Our eyes meet, and I freeze with the little bottle in my hand. Isolde is too slow to place the tumblers on the high table before he sees her do it, but that’s the least of my concerns right now.

I’ve met this asshole before. The Serpent Henchman.

Mark Serpaint’s slit-like eyes move quickly from Isolde to me, then he places his hand over the other woman’s as she hooks it around his arm. They saunter over through the crowd, a very big, heavy man behind him. He can’t be a serpent, he’s big as an ox.

They finally stop in front of us, and it feels like time stands still. Serpaint and I stare hard into each other’s eyes, while fury boils low in the pit of my stomach.

“My, my, my,” he says in the hissy voice that I remember so well. “Tristan DeKnight in the flesh.” He stresses the s and sh, stirring flashes of his whip in my memory.

“You know each other?” Isolde breathes. She’s gone pale as death.

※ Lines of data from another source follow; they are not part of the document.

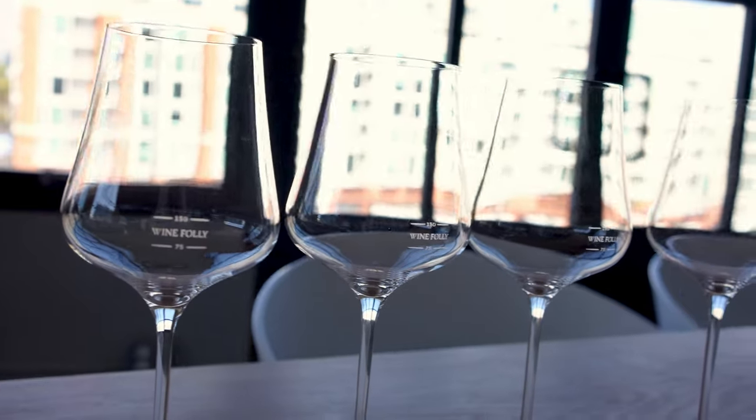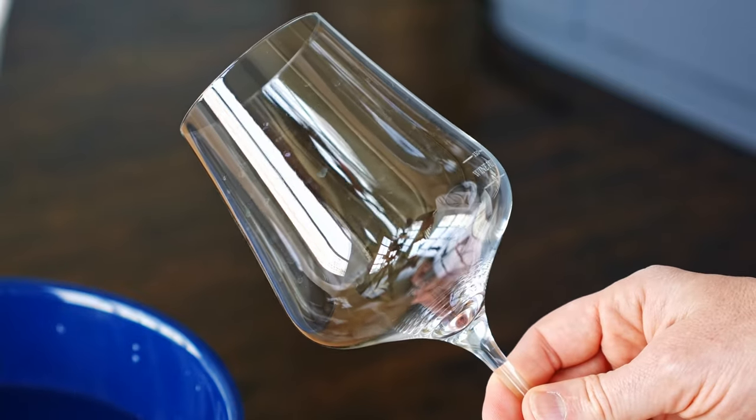I want to show you the trick on how to keep your wine glasses sparkly and new. If you've seen those annoying water spots on your glasses, this technique will alleviate that problem.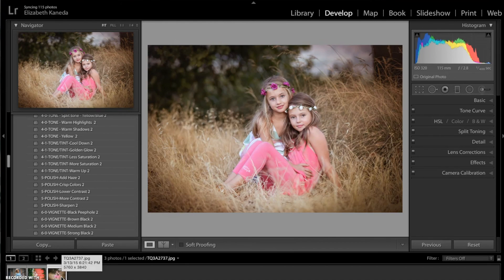So I hope you guys enjoyed this tutorial on warm and cool colors, and hopefully you'll be able to try it out for yourself soon. Awesome, bye!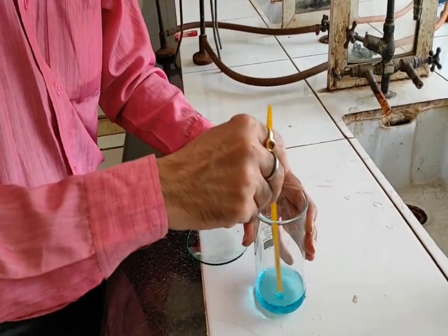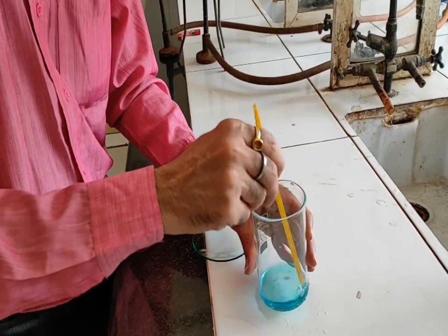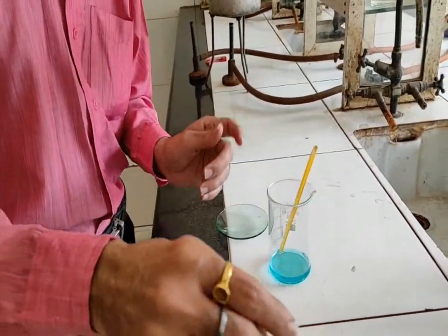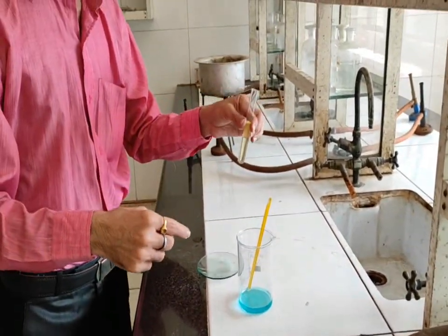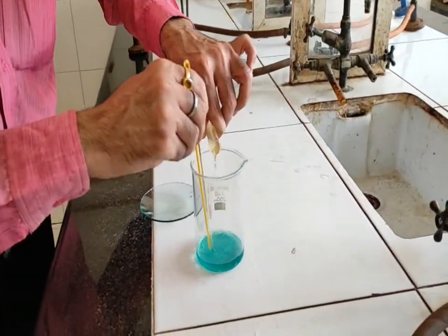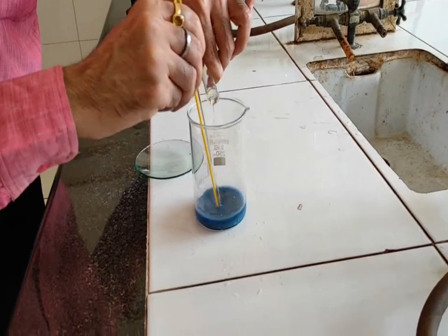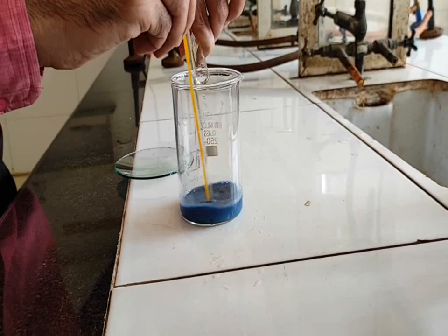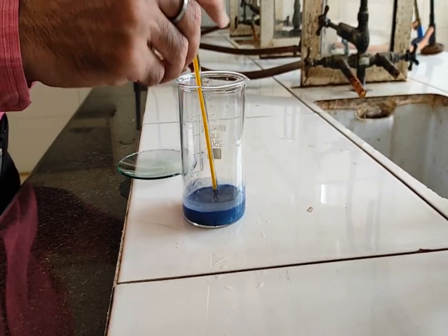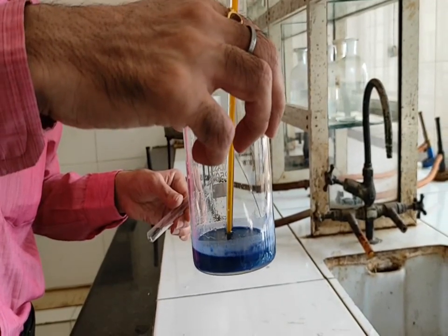Now, the next step: we have the metal ion solution. Complex formation always takes place by the interaction between a metal ion and the ligand. Now we have the ligand solution — acetylacetone in the presence of 1:4 ammonium hydroxide. Very slowly, carefully, drop by drop, with constant stirring, we are going to add it into the copper solution. Can you see now — it results in the formation of a blue color complex. This is bis-acetylacetonato-copper(2+). This is what complex formation looks like. Previously we had a clear solution, and on interaction with the ligand it results in the formation of a complex.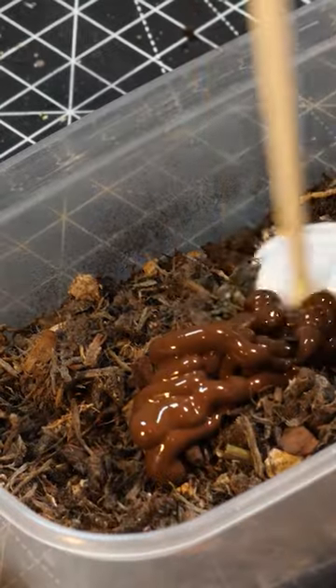Milliput, XPS foam and resin rocks make a great base. Not as great as my lunch though, as I fry up some dirt and add some chocolate sauce and mayonnaise too.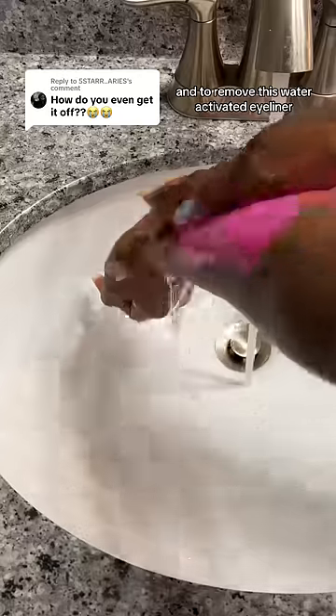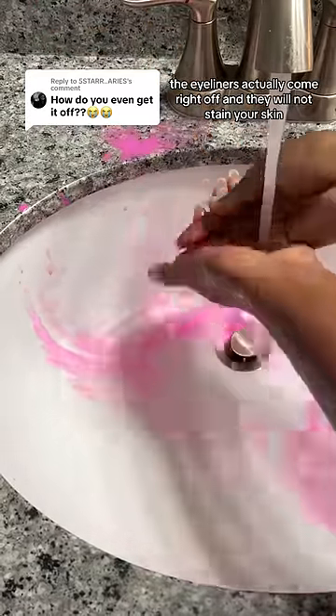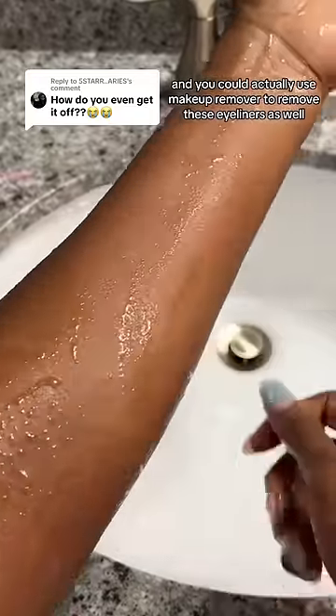And to remove this water-activated eyeliner, all I did was use some water. And if you are scared about these eyeliners possibly staining your skin, the eyeliners actually come right off and they will not stain your skin. You could also use makeup remover to remove these eyeliners as well.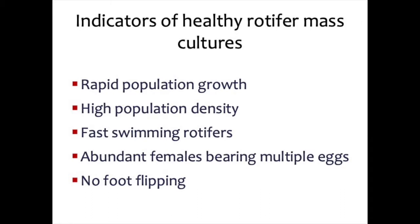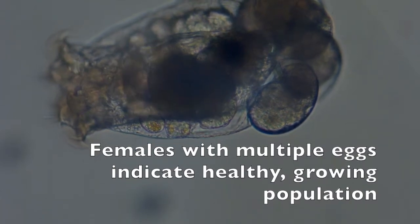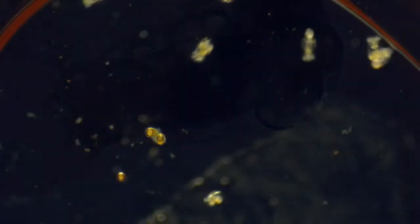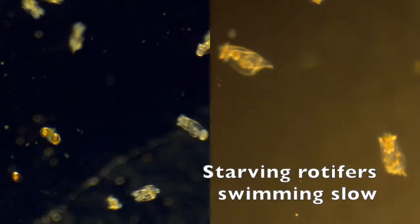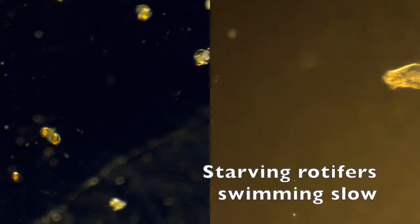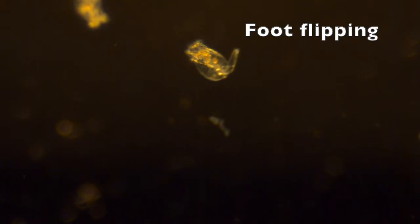It is good practice to check the health of the rotifer mass cultures daily. Indicators of healthy rotifer mass cultures include rapid population growth, high population density, fast swimming rotifers, abundant females with multiple eggs, and no foot flipping. A high proportion of females carrying multiple asexual eggs indicates a healthy growing population. Rotifer swimming speed is another indicator of mass culture health — fast swimming indicates healthy populations, while slow swimming indicates stress. A third indicator is foot flipping behavior; a high proportion of foot flipping rotifers signifies that rotifers are experiencing some kind of stress.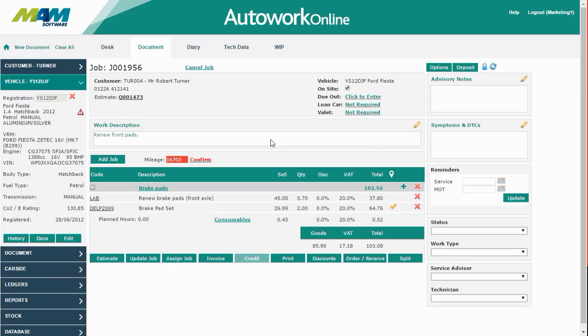You'll notice that there's an orange check in the status column. This signifies that there are parts out on order. This order came in today, so we're going to receive it.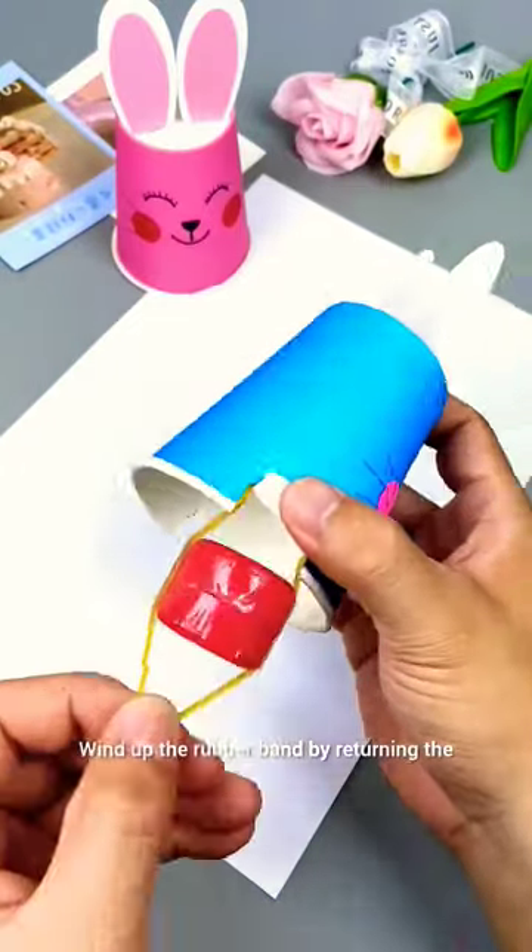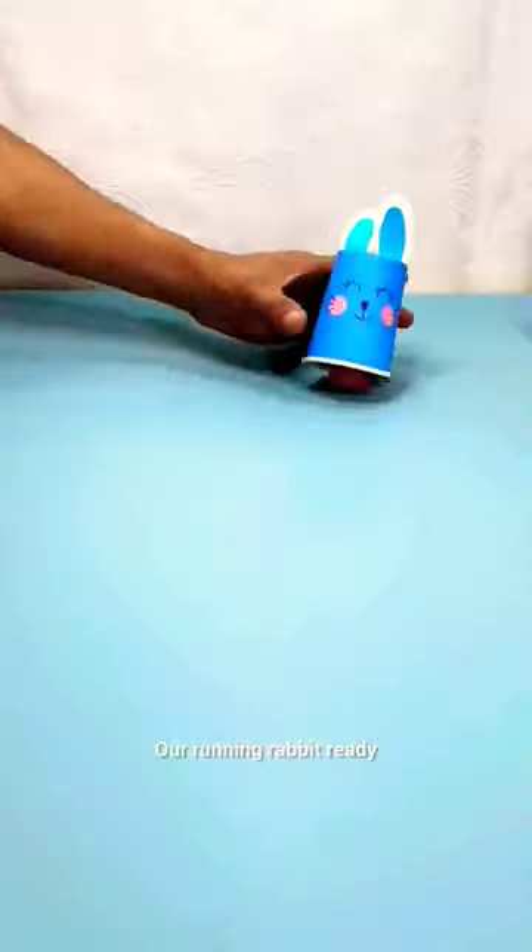Wind up the rubber band by rotating the bottle cap in the opposite direction. Now the running rabbit is ready!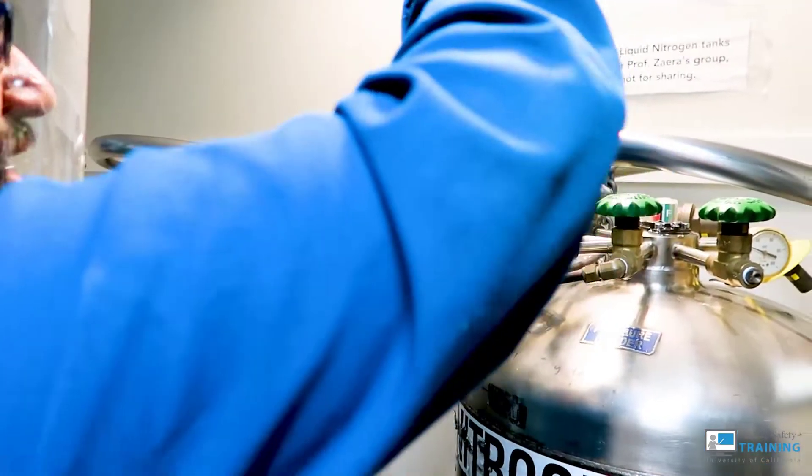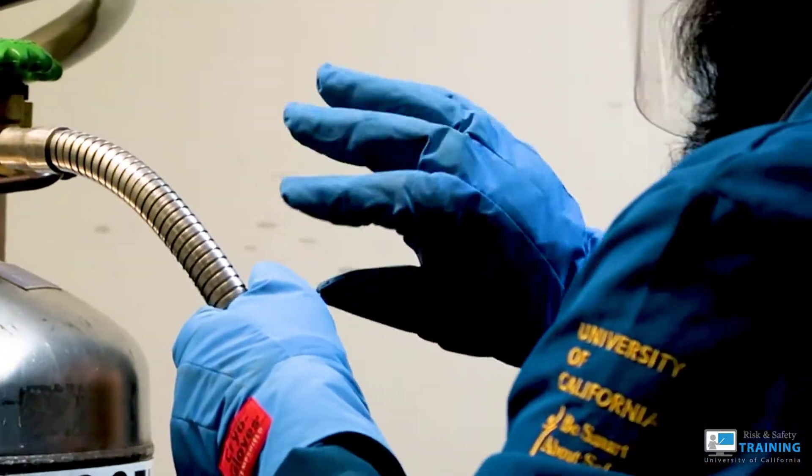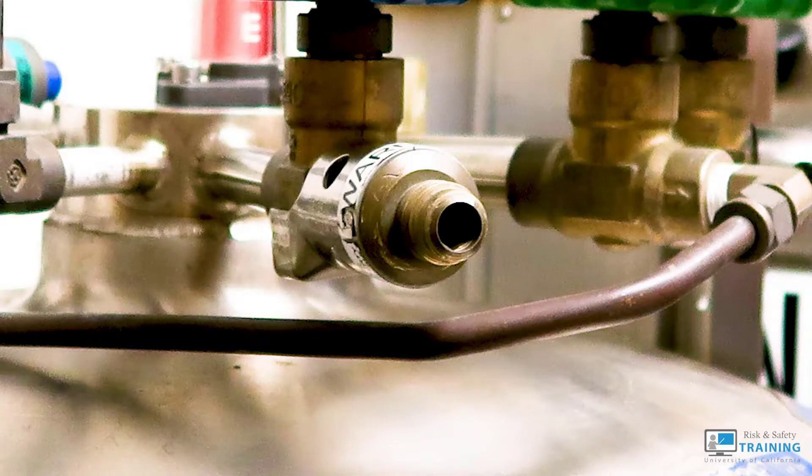Connecting a transfer hose to a cryogen source involves the safe use of equipment to ensure you protect your hands and avoid damaging the threads or outlets.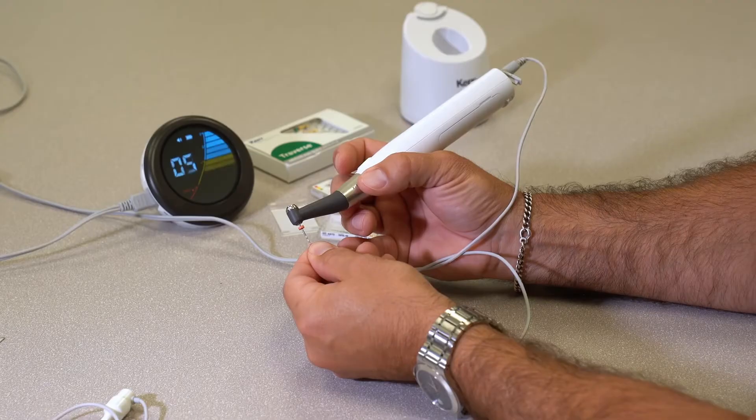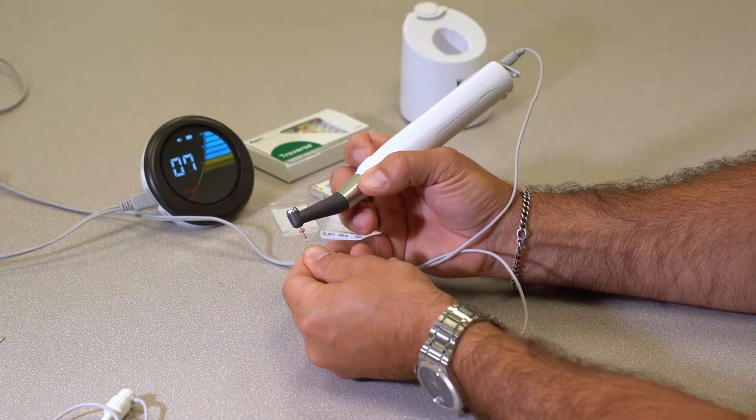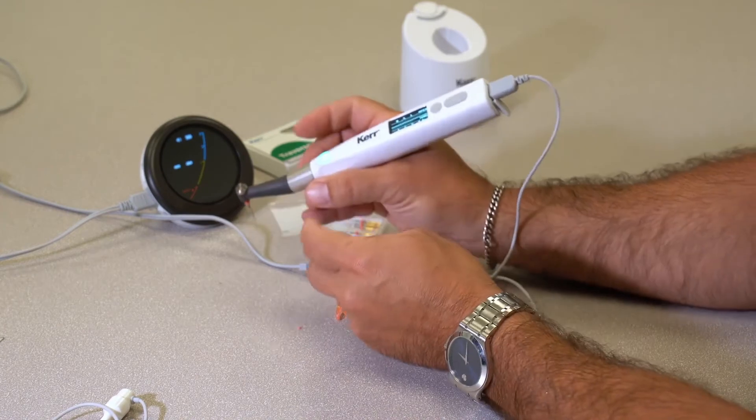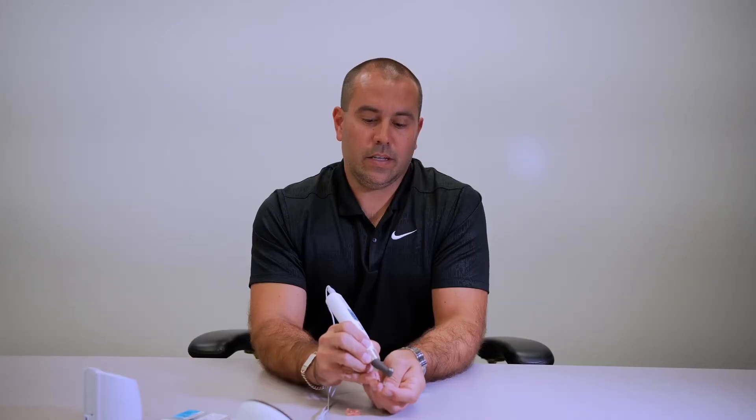Blue means I'm still a ways away, yellow means I'm getting close, red means I am there — I am out the Apex. You can see both the button here as well as the Apex locator telling me that I'm out.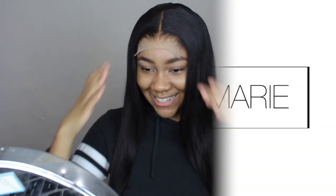Hey gang, welcome back to my channel! Today I'm going to be quickly installing this wig that I've made on my channel recently, so if you want to see how I constructed it, just go take a look. This is a baby hair tutorial, so if you want to see how I do that really fast, just stick around.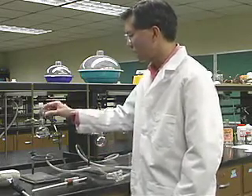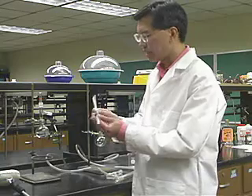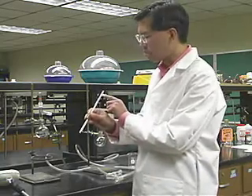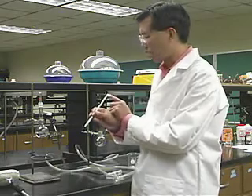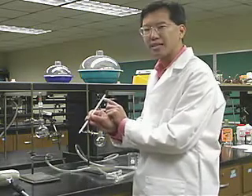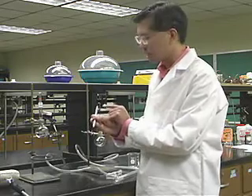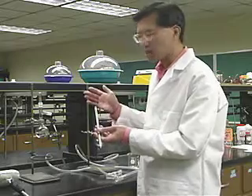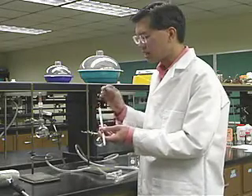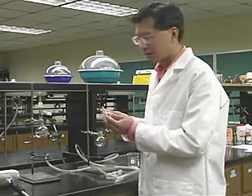We have an adapter, a thermometer adapter, and this is a thermometer. You have to make sure that the thermometer goes up to at least as high as your liquid boils. This one goes up to 110°C. Ethanol boils at 78°C, so that's going to be fine. But if we were distilling something that boiled above 110°C, you'd have to get a higher-range thermometer — otherwise you run the risk of breaking the thermometer, and breaking a mercury thermometer that way is a bad idea.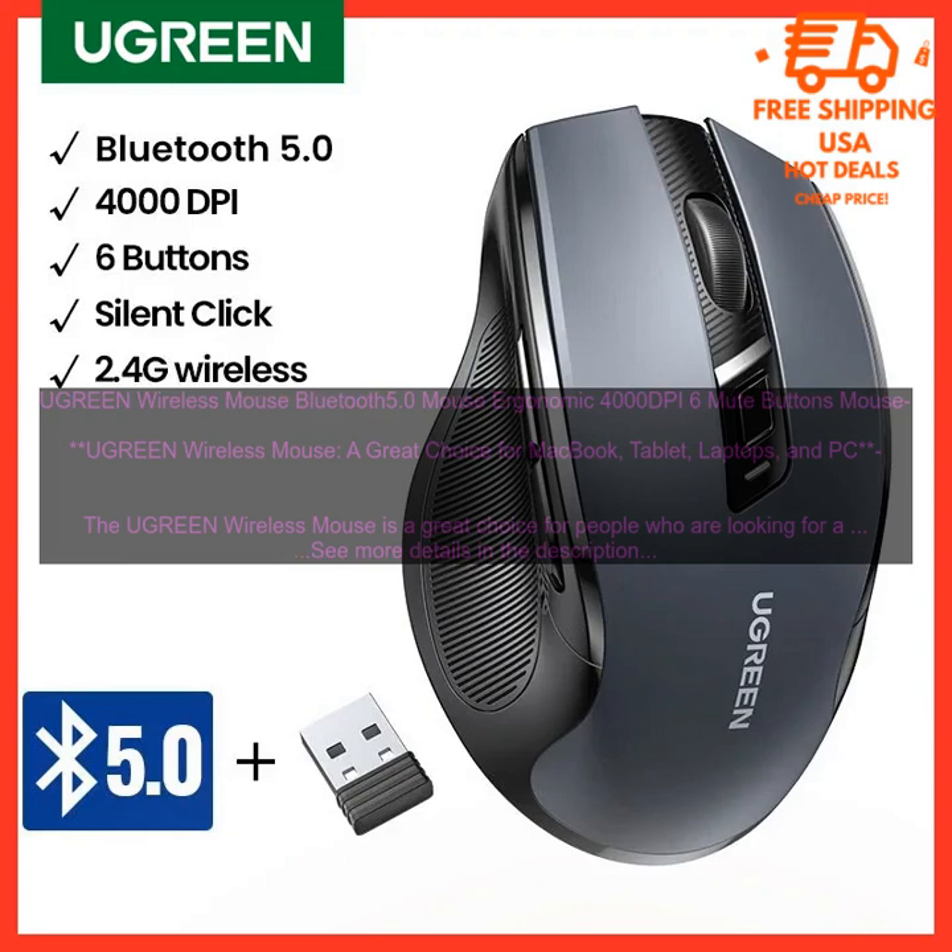Connectivity. The Ugreen Wireless Mouse comes with a USB receiver and a 2.4 GHz wireless connection. The receiver is small and discreet, and it can be plugged into any available USB port. The mouse also has a battery life of up to 12 months, so you don't have to worry about it running out of power in the middle of a project.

“Yes. Your husband is the reason why Lord Dracula turned me into a vampire,” I reply without hesitation, keeping my eyes on the bastard’s face.

“How is that possible?” Isolde whispers nervously.

“It just is. Back then, your husband used to pick on human teenagers instead of those his own size. I wonder if he still does that.” My tone is even, my eyes like blades. I’d love to see this bastard snap at me, but I guess he won’t do it, will he? Not now that I’m a vampire, and a strong one at that, whose deeds surely made it to his ears.